This node specializes in merging two models by adjusting their embedding and block parameters specifically for the SD3_2B architecture. It allows for fine-tuned control over the merging process by providing adjustable parameters for positional, context, and various embedder components, as well as for each of the joint blocks and the final layer, enabling a highly customized integration of model features.

Input types

Required

  • model1
    • The first model to be merged. It serves as the base model for the merging process.
    • Comfy dtype: MODEL
    • Python dtype: comfy.model_base.ModelBase
  • model2
    • The second model to be merged.
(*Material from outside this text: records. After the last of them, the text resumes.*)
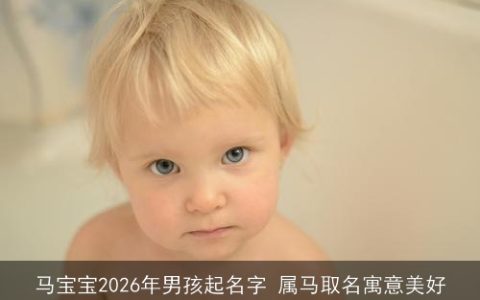 马宝宝2026年男孩起名字 属马取名寓意美好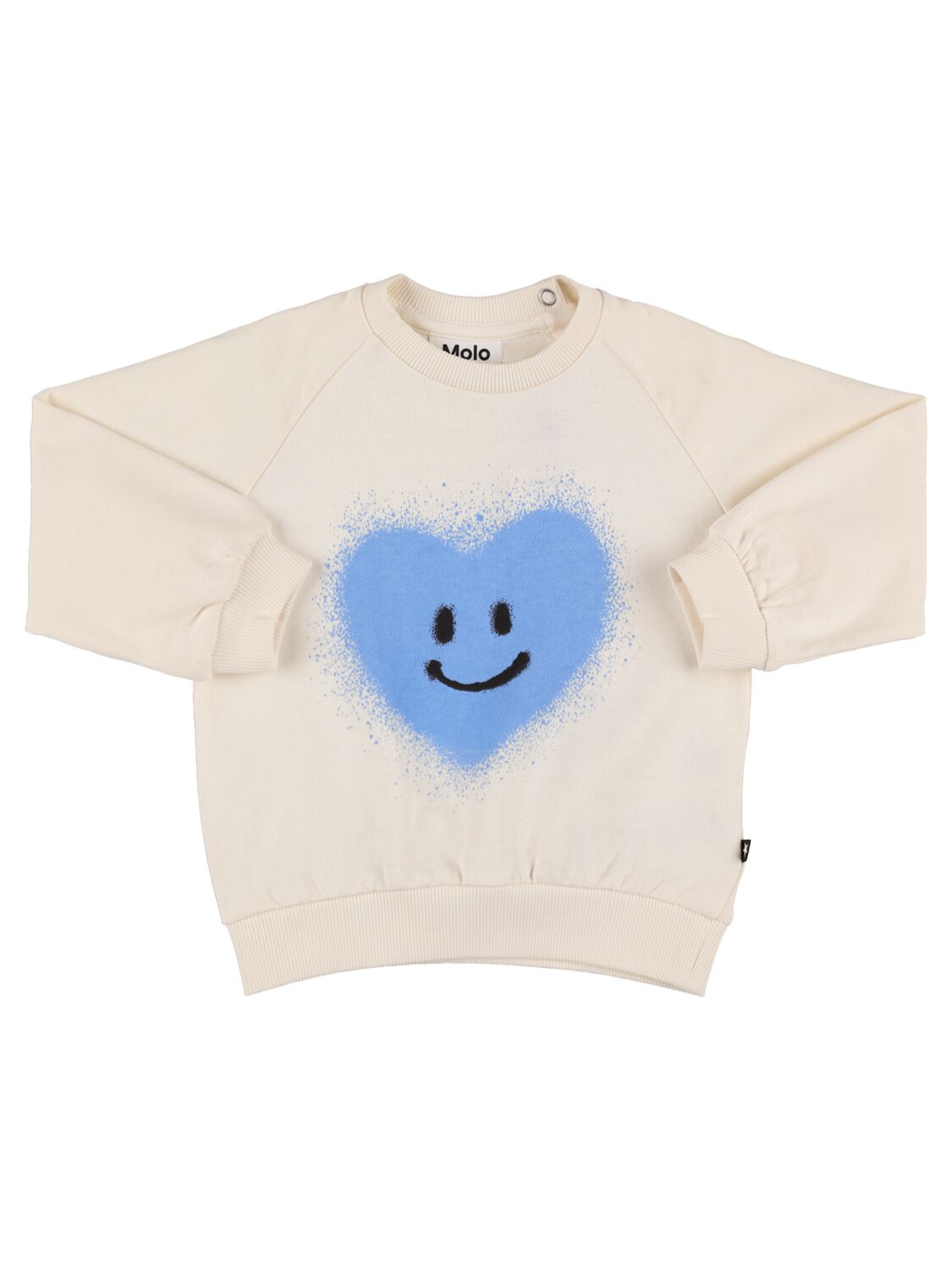 Molo Kids' Heart Print Organic Cotton Sweatshirt In White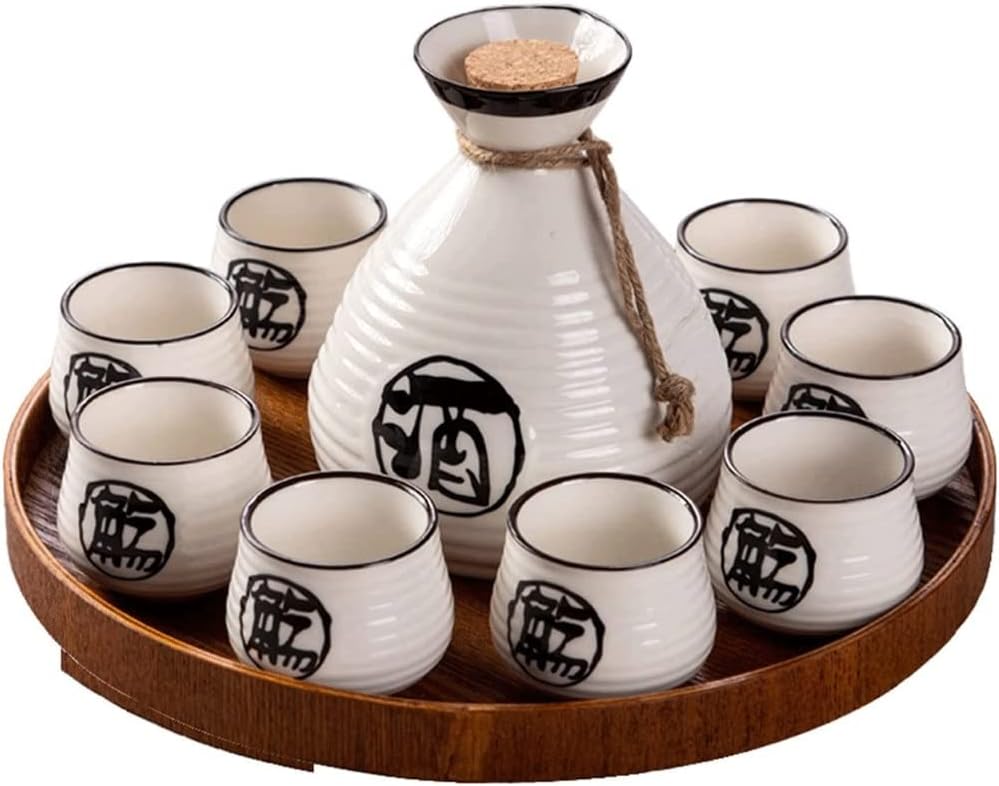 Japanese Ceramic Sake Set ~ 9 Piece Sake Set (Included 1 bottle and 8 cups) Patterns Sake Wine Service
Its features will be integrated into the first model based on the specified ratios.
    • Comfy dtype: MODEL
    • Python dtype: comfy.model_base.ModelBase
  • pos_embed.
    • Adjusts the merging ratio for the positional embedding parameters, influencing how positional information is integrated from both models.
    • Comfy dtype: FLOAT
    • Python dtype: float
  • x_embedder.
    • Controls the merging ratio for the x embedder, affecting the integration of x-axis positional information.
    • Comfy dtype: FLOAT
    • Python dtype: float
  • context_embedder.
    • Determines the merging ratio for the context embedder, impacting how contextual information is blended between the two models.
    • Comfy dtype: FLOAT
    • Python dtype: float
  • y_embedder.
    • Sets the merging ratio for the y embedder, influencing the integration of y-axis positional information.
    • Comfy dtype: FLOAT
    • Python dtype: float
  • t_embedder.
    • Adjusts the merging ratio for the time embedder, affecting how temporal information is merged.
    • Comfy dtype: FLOAT
    • Python dtype: float
  • joint_blocks.i.
    • unknown
    • Comfy dtype: FLOAT
    • Python dtype: unknown
  • final_layer.
    • Controls the merging ratio for the final layer, determining how the final output features are combined.
    • Comfy dtype: FLOAT
    • Python dtype: float

Output types

  • model
    • Comfy dtype: MODEL
    • The resulting model after merging, incorporating adjustments from both input models according to the specified ratios.
    • Python dtype: comfy.model_base.ModelBase

Usage tips

  • Infra type: CPU
  • Common nodes: unknown

Source code

class ModelMergeSD3_2B(comfy_extras.nodes_model_merging.ModelMergeBlocks):
    CATEGORY = "advanced/model_merging/model_specific"

    @classmethod
    def INPUT_TYPES(s):
        arg_dict = { "model1": ("MODEL",),
                              "model2": ("MODEL",)}

        argument = ("FLOAT", {"default": 1.0, "min": 0.0, "max": 1.0, "step": 0.01})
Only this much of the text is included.